# Material provided
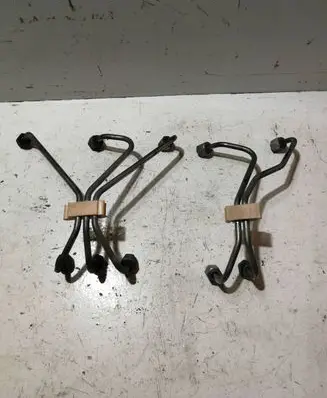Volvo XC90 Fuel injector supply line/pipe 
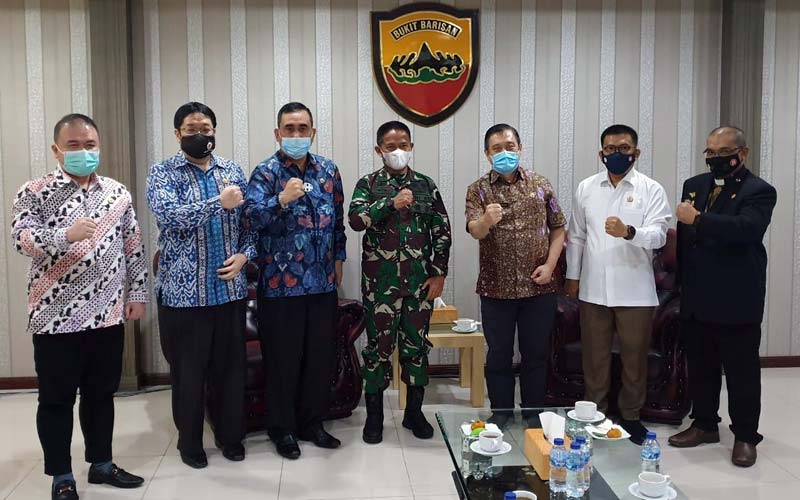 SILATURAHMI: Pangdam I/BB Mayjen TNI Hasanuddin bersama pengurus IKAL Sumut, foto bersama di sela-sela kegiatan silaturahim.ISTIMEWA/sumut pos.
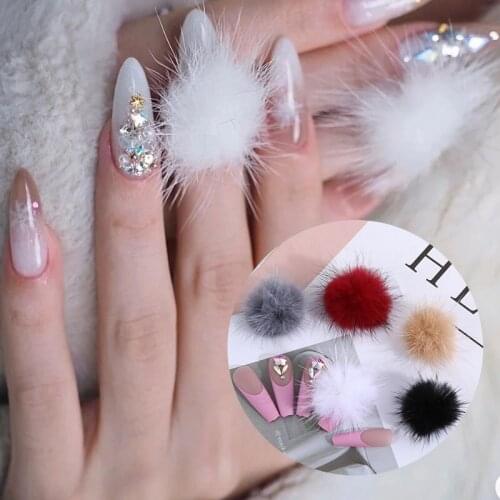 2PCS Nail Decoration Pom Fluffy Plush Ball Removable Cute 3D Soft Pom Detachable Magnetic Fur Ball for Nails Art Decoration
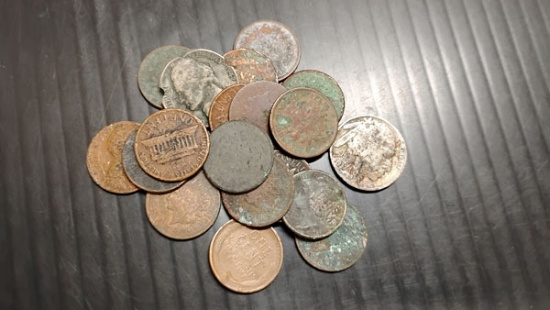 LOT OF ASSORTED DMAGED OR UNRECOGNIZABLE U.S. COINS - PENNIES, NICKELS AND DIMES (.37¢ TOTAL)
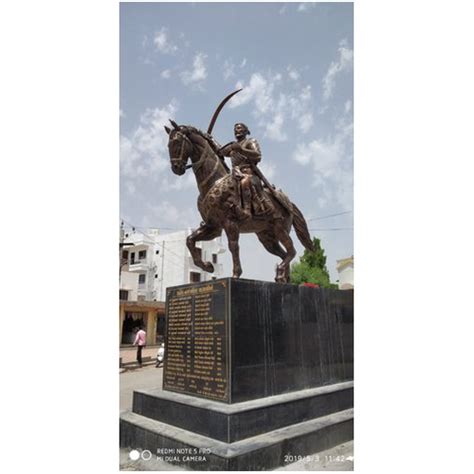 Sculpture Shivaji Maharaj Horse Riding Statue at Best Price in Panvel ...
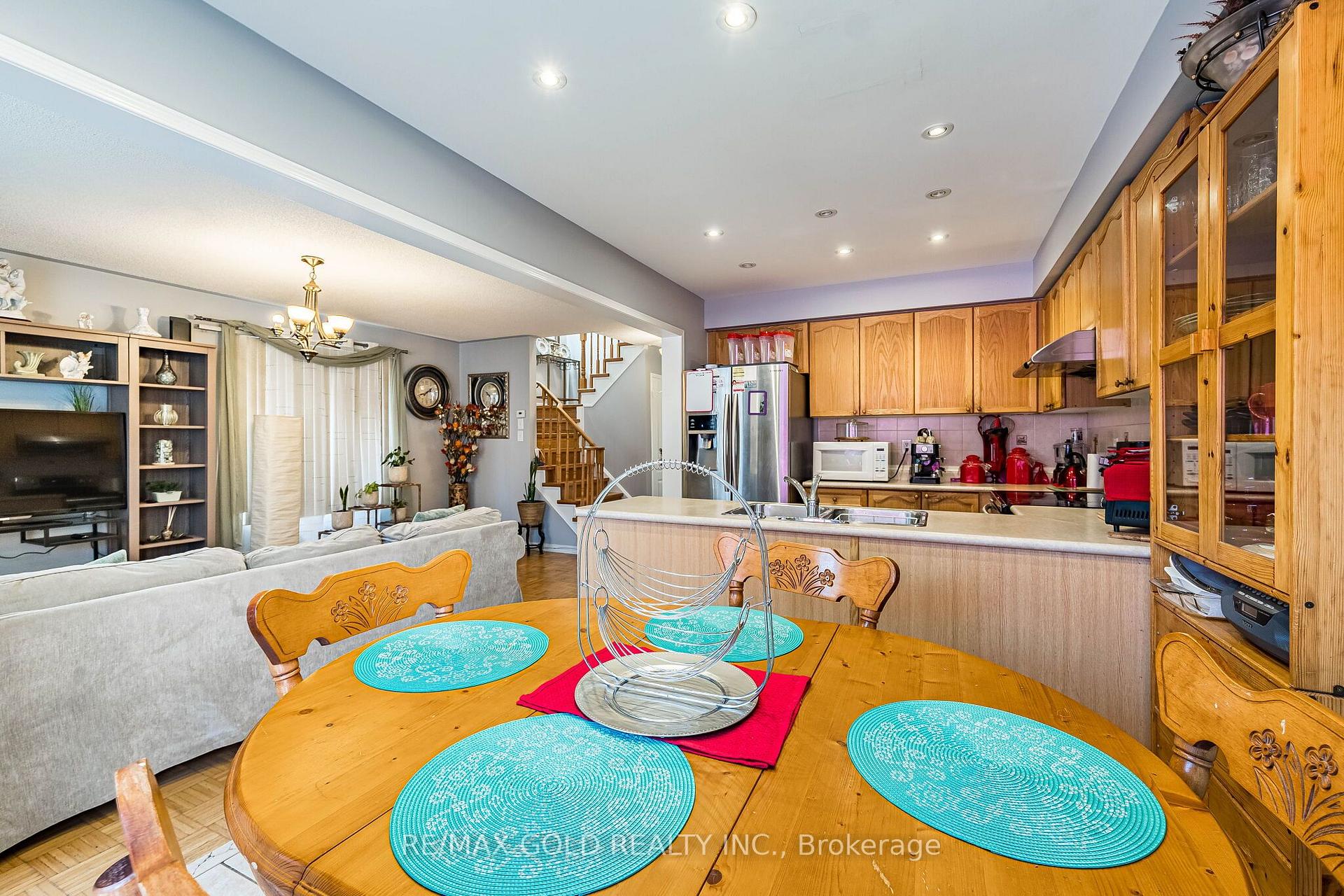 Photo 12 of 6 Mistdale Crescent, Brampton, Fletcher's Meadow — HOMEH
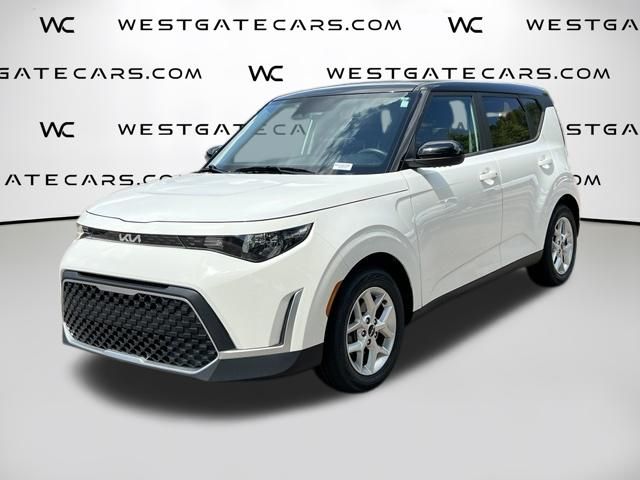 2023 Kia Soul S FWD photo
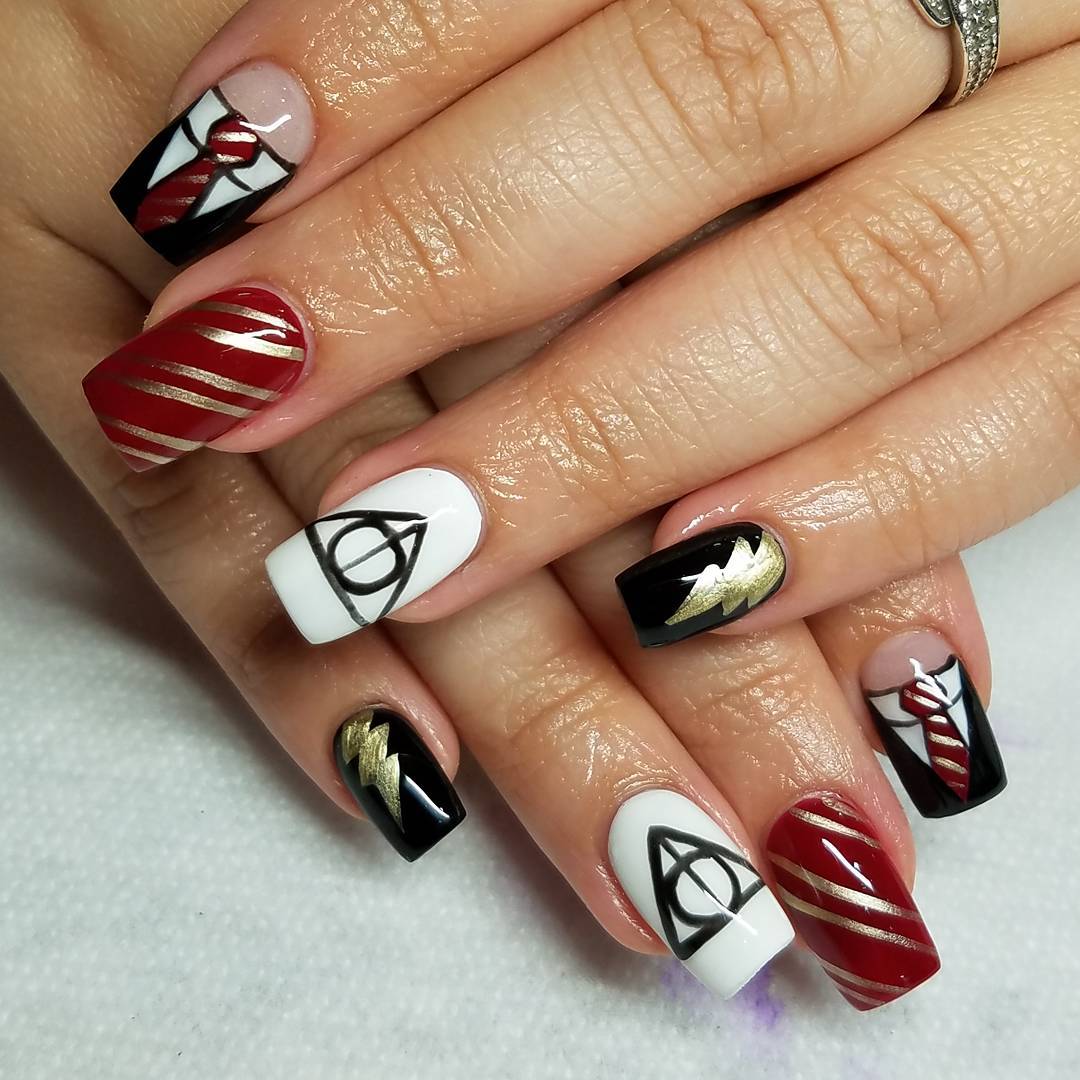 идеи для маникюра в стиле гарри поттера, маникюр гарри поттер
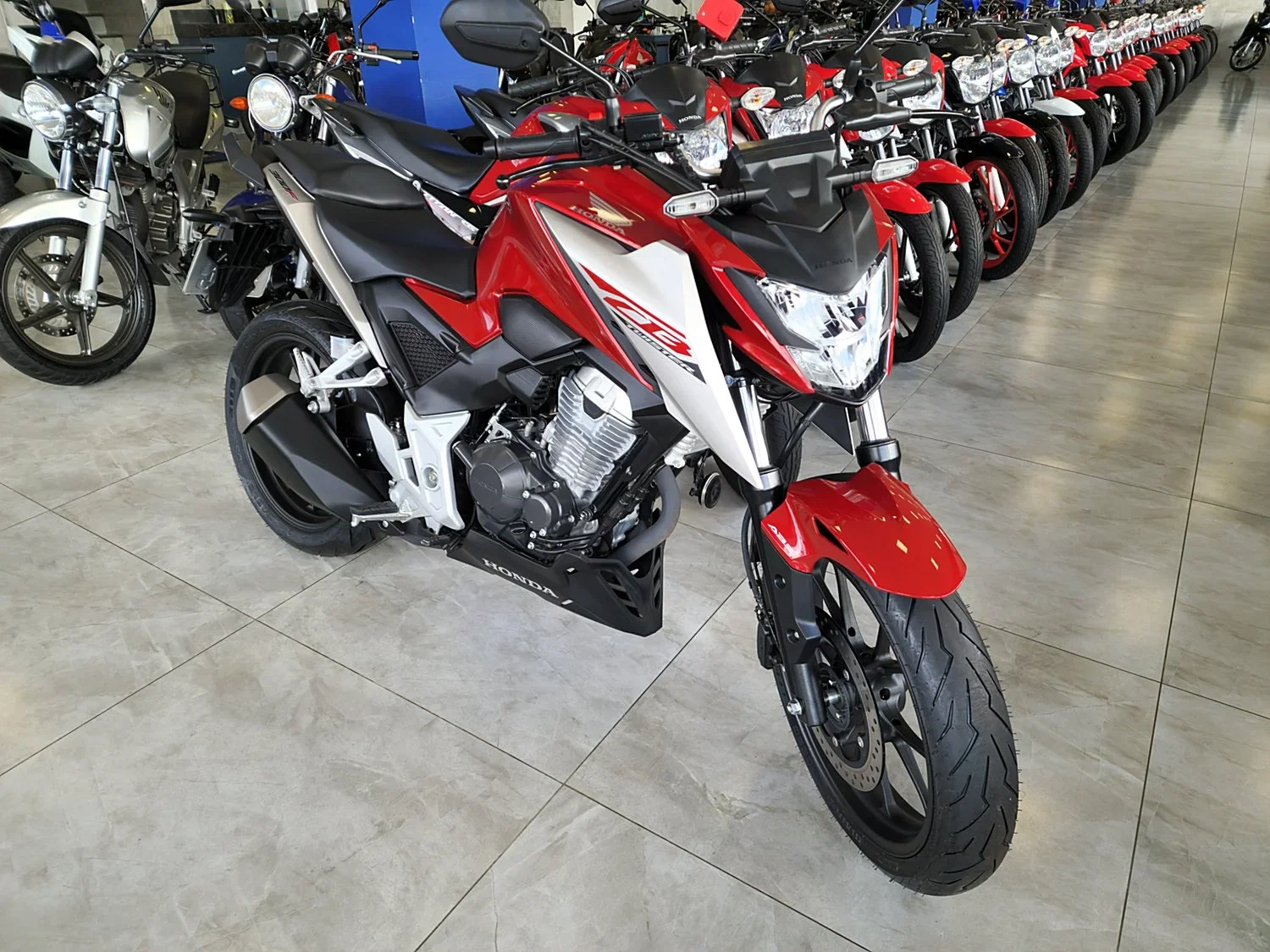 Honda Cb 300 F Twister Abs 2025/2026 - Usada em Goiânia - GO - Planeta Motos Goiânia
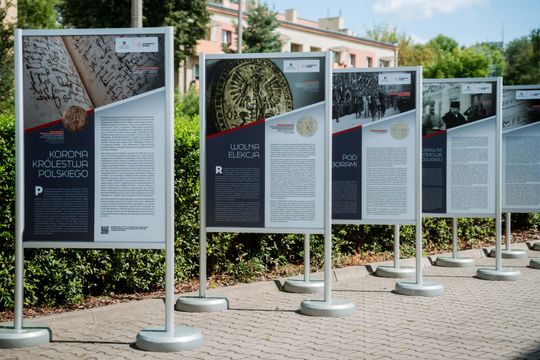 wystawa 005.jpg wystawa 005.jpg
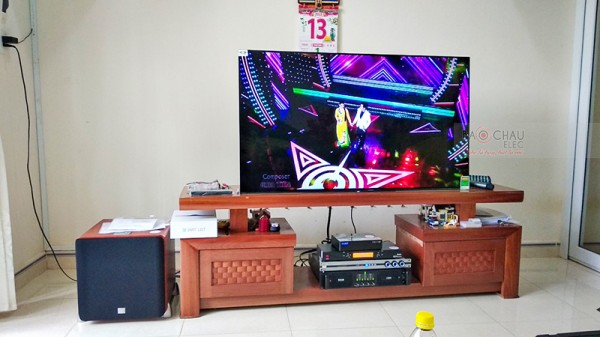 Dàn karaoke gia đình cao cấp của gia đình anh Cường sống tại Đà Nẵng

# Exercise directions
Pick up at the line that holds "2PCS Nail Decoration" and restate each line, word for word, through the last line of the entries. Include both end lines but none of the pictures.

# Exercise result
 2PCS Nail Decoration Pom Fluffy Plush Ball Removable Cute 3D Soft Pom Detachable Magnetic Fur Ball for Nails Art Decoration
 LOT OF ASSORTED DMAGED OR UNRECOGNIZABLE U.S. COINS - PENNIES, NICKELS AND DIMES (.37¢ TOTAL)
 Sculpture Shivaji Maharaj Horse Riding Statue at Best Price in Panvel ...
 Photo 12 of 6 Mistdale Crescent, Brampton, Fletcher's Meadow — HOMEH
 2023 Kia Soul S FWD photo
 идеи для маникюра в стиле гарри поттера, маникюр гарри поттер
 Honda Cb 300 F Twister Abs 2025/2026 - Usada em Goiânia - GO - Planeta Motos Goiânia
 wystawa 005.jpg wystawa 005.jpg
 Dàn karaoke gia đình cao cấp của gia đình anh Cường sống tại Đà Nẵng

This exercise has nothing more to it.